Так почему бы вам, мамы, не насладиться этим чувством безусловной любви к вам? Разве вам было бы лучше, если бы дочь звала вас, только когда ей хочется есть, пить или согреться, а удовлетворив эти потребности, переставала бы обращать на нас внимание? Никто не откажет ребенку в пище лишь потому, что тот плачет от голода; никто не преминет закутать ребенка лишь потому, что тот плачет от холода. Откажетесь ли вы взять на руки ребенка лишь потому, что тот плачет от недостатка любви?
Не так давно обеспокоенная мать спросила у меня про свою полуторагодовалую дочку, когда та перестанет быть такой эгоистичной? Когда научится делиться?
Почему многие родители и педагоги так озабочены тем, чтобы ребенок научился делиться? Какая ему от этого польза? Мы, взрослые, практически никогда ничем не делимся.

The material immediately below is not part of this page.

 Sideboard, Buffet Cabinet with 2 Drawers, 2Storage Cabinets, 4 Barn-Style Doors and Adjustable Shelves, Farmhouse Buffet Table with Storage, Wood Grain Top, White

Пример: Исабель, которой нет еще двух лет, играет в парке со своими ведерком, совочком и мячиком под неусыпным и исполненным любви присмотром мамы. Поскольку ручки у нее еще маленькие, она, естественно, единовременно держит только совочек, а ведерко и мячик положила рядом с собой. Другой малыш примерно того же возраста подходит к ней, садится рядом и, не говоря ни слова, хватает мячик. Исабель вот уже минут десять не обращает на него никакого внимания и продолжает спокойно постукивать по земле своим совочком. Спокойно? Внимательный наблюдатель заметил бы, что она начинает стучать все сильнее и сильнее и что краем глаза она поглядывает на мячик. Сам юный незнакомец, по-видимому, прекрасно понимает, что он вступил на опасный путь; он отодвигает мячик от Исабель, ждет ее реакции, затем пододвигает его обратно. Та его на всякий случай предупреждает: «Мое! – а затем чувствует, что нужно уточнить: – Мой мячик!» Незнакомец, которому трехсложные предложения, по-видимому, еще не даются (или, может быть, он не хочет перед ней распинаться), просто повторяет: «Мяик, мяик, мяа!» Фраза эта, без сомнения, равноценна предъявлению прав собственности; Исабель решает отстоять свои законные права на маленький зеленый мячик. Незнакомец не оказывает особого сопротивления, но пока та не смотрит, экспроприирует у девочки ведерко. Довольная Исабель несколько секунд играет со вновь обретенным мячиком, а затем нахмуривается: а как же ведерко? Нет, это уже слишком!